Task description: Transcribe the records underneath word for word, and leave no line out.

(Short web captions)
((

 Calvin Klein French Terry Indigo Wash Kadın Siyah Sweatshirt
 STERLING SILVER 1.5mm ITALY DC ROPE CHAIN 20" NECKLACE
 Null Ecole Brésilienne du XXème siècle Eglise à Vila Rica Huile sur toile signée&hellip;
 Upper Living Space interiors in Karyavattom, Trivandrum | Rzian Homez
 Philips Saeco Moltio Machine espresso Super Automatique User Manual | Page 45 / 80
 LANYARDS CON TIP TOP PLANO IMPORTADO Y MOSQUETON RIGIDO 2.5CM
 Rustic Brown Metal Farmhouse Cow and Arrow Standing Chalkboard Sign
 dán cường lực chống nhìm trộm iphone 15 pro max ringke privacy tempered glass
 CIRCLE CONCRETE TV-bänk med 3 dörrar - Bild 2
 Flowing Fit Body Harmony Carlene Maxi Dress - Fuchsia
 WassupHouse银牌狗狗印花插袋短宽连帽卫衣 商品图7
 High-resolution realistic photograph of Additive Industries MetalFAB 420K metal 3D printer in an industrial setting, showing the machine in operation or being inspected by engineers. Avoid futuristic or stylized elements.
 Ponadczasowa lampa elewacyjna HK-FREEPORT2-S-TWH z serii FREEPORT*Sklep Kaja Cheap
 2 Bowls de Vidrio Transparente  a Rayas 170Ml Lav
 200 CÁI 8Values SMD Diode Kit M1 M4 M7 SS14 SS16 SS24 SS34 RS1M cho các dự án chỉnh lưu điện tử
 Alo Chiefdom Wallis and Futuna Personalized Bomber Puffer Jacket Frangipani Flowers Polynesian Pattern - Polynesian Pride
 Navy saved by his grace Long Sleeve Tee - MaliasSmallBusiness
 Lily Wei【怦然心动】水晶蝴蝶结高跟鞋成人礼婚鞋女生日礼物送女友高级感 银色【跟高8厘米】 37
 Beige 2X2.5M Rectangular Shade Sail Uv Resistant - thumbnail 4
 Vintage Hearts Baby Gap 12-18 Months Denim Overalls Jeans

))

Task output:
 Calvin Klein French Terry Indigo Wash Kadın Siyah Sweatshirt
 STERLING SILVER 1.5mm ITALY DC ROPE CHAIN 20" NECKLACE
 Null Ecole Brésilienne du XXème siècle Eglise à Vila Rica Huile sur toile signée&hellip;
 Upper Living Space interiors in Karyavattom, Trivandrum | Rzian Homez
 Philips Saeco Moltio Machine espresso Super Automatique User Manual | Page 45 / 80
 LANYARDS CON TIP TOP PLANO IMPORTADO Y MOSQUETON RIGIDO 2.5CM
 Rustic Brown Metal Farmhouse Cow and Arrow Standing Chalkboard Sign
 dán cường lực chống nhìm trộm iphone 15 pro max ringke privacy tempered glass
 CIRCLE CONCRETE TV-bänk med 3 dörrar - Bild 2
 Flowing Fit Body Harmony Carlene Maxi Dress - Fuchsia
 WassupHouse银牌狗狗印花插袋短宽连帽卫衣 商品图7
 High-resolution realistic photograph of Additive Industries MetalFAB 420K metal 3D printer in an industrial setting, showing the machine in operation or being inspected by engineers. Avoid futuristic or stylized elements.
 Ponadczasowa lampa elewacyjna HK-FREEPORT2-S-TWH z serii FREEPORT*Sklep Kaja Cheap
 2 Bowls de Vidrio Transparente  a Rayas 170Ml Lav
 200 CÁI 8Values SMD Diode Kit M1 M4 M7 SS14 SS16 SS24 SS34 RS1M cho các dự án chỉnh lưu điện tử
 Alo Chiefdom Wallis and Futuna Personalized Bomber Puffer Jacket Frangipani Flowers Polynesian Pattern - Polynesian Pride
 Navy saved by his grace Long Sleeve Tee - MaliasSmallBusiness
 Lily Wei【怦然心动】水晶蝴蝶结高跟鞋成人礼婚鞋女生日礼物送女友高级感 银色【跟高8厘米】 37
 Beige 2X2.5M Rectangular Shade Sail Uv Resistant - thumbnail 4
 Vintage Hearts Baby Gap 12-18 Months Denim Overalls Jeans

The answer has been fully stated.